Again, the Ikogosi Graduate Summer School. The inspiration which fathered this initiative cannot be separated from the spirit of the age or, if you like, the rumble in the region. It is no exaggeration or flattery to aver that the southwestern region of Nigeria is currently going through the kind of change that the country has not experienced since the outset of the present ‘democratic dispensation’ almost a decade and half ago. From Lagos to Ibadan, from Abeokuta to Osogbo, from Akure to Ado-Ekiti, a wave of urban renewal projects and welfarist programmes is transforming the region in a way only witnessed in the Awolowo years. All of a sudden, our cities are beginning to look uncharacteristically clean. Uniformed men and women are seen cleaning the streets and planting trees in the median of inter-urban highways. Urban landscapes are beaming with flowers, and visual poetry proclaims the beauty of our public spaces. Teachers and their students are being provided laptops and opon imo (Ifa must be fascinated at this technological appropriation of its divination tray). Most uncharacteristically in Nigeria, politics is beginning to look like the art of the positively possible. Some change is taking place, messy and problematic in many aspects, but promising, even astonishing in others. Since my arrival some four weeks ago, I have heard people say in southwest cities: things are happening that we never thought were possible. There is a certain sense of motion that is capable of powering up into a movement.  

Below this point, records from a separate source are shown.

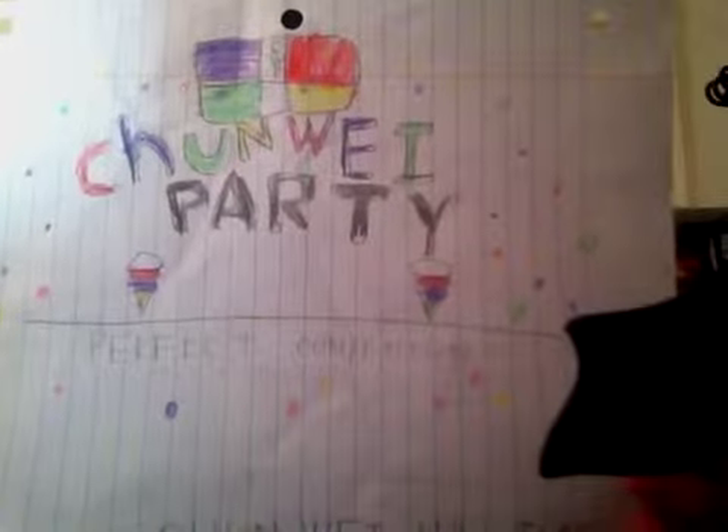Hey everybody, welcome to the first episode of channel reviewing. As you can see, this is the second version of my channel. We got better backgrounds and everything, and I'm sure my version will just be improved and improved going forward.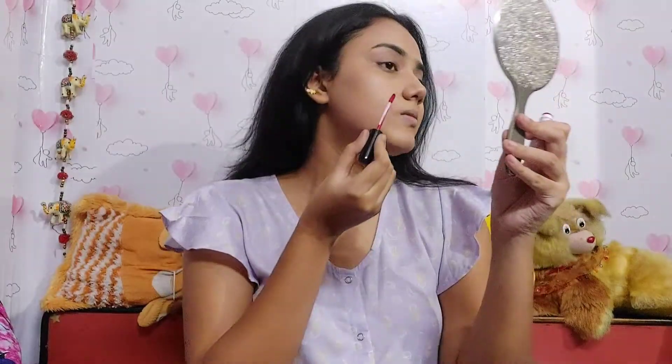I'm blending it out all over my face, neck, and ears. Then I'm going to apply loose powder. On this makeup look I didn't apply any concealer or contour because I want to keep it simple. I'm blending the makeup as well as I can.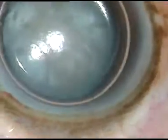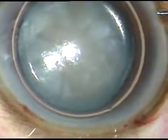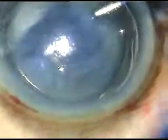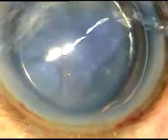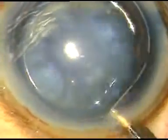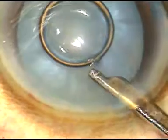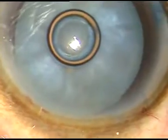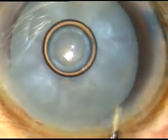This is the first case. The capsule is being stained with trypan blue dye. After making all the incisions and injecting an air bubble in the anterior chamber, the dye is washed out. This is trypan blue 0.06% dye. Now HPMC is injected into the anterior chamber.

Governor Kayode Fayemi is both prophet and pundit of that movement and also one of its practical instantiators. A man of letters who has shortened the distance between the governor’s office and the classroom,he knows that no country can ever advance beyond the mental capacity of its people, and that education has no substitute as the sine qua nonfor human development and progress. It does make a difference when the governor of your state is the type that can ring you up in the United States on his way to deliver a lecture at Harvard; or when a couple of weeks later, he is counted among the dignitaries at the lecture of a brilliant friend at Oxford. It does make a difference when a state is governed by somebody who knows the virtues of Omoluabi and is well schooled in his Iwapele philosophy. It does make a difference when you have a leader who is capable of thinking and feeling. The age of the philosopher-king may have been over, but this country and this age are in dire need of the kind of scholar-administrator/leaderso prospectively typified by the Fayemi Ideal; the instance of leadership informed by answerable knowledgeability, and knowledgeability tempered and humanized by enlightened leadership. The instance of a leader who is not allergic to thinking; a thinker who is not afraid of leading.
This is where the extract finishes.